By Guest Blogger Br. Jude Lasota, B.H.
I am a man who has been blessed with many deep friendships over the course of my life. Some enduring, some were for a particular time or place and some that go back to birth. Yes, I have a lifelong close friend, a next door neighbor, and there has never been a time when we did not know one another. Our mothers were close friends, had coffee every day together and were pregnant with us at the same time. We rode side by side in strollers, drove our tricycles and bicycles together and finally cruised in some really quick muscle cars together. Premium was .41 cents a gallon then and we would drive and talk all night on $5.00 worth of gas. I was present at his marriage, he at my perpetual vows. More than 50 years later we still are in touch and our friendship continues to grow.
What is it?
But a question for our time is, “What is a friend?” There is a mystery to it all and often I cannot give a specific reason why a friendship developed between myself and another. I am a Catholic Religious Brother, but I have true friendships with men and women who do not hold my Christian beliefs or fully understand the vocation the Lord has called me to over the last 28 years. I can say there is a spark of the divine; the “seeds of the logos” in our relationship. A faith may not always fully developed, but nevertheless contains the gift of grace. These friends draw out the best in me and would lay their lives down for me as I would for them.

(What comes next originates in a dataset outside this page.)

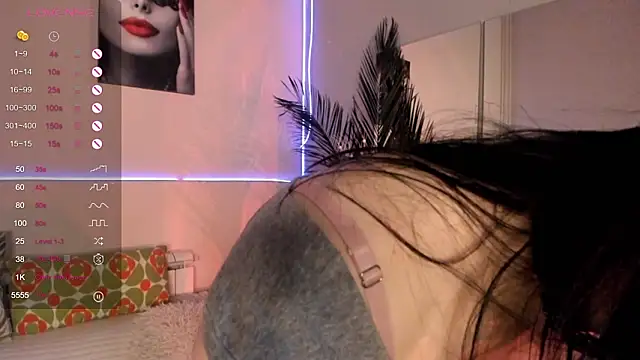 LexieBuxton online show from 02.12.26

There are friends, and then there are friends. When I think of the many close friendships I have had the privilege of having, I find that they all contain some specific components: A heartfelt love for the other and deep gratitude that he or she exists. These concepts, so often taken lightly, have to be grounded in a true understanding of the human person or they mean little.
Faith: Perfecter of Friendship
Human dignity ultimately needs faith for it to be fully lived and understood, because the “Word made flesh” has made it possible for us to go beyond our own natural and spiritual limitations; something impossible for our tainted human nature. Because we are a mystery to ourselves and others, we need supernatural grace to live with the ebb and flow that life brings. Without the Incarnation our friendships would be limited through a lack of transcendence and would soon grow cold.
Practically, I find often that the Holy Spirit gives me an awareness of when I should contact an old friend. Also, when in need and when I least expect it friends often contact me. There is a mystical dimension to this, something beyond our comprehension and something even Facebook will never be able to figure out.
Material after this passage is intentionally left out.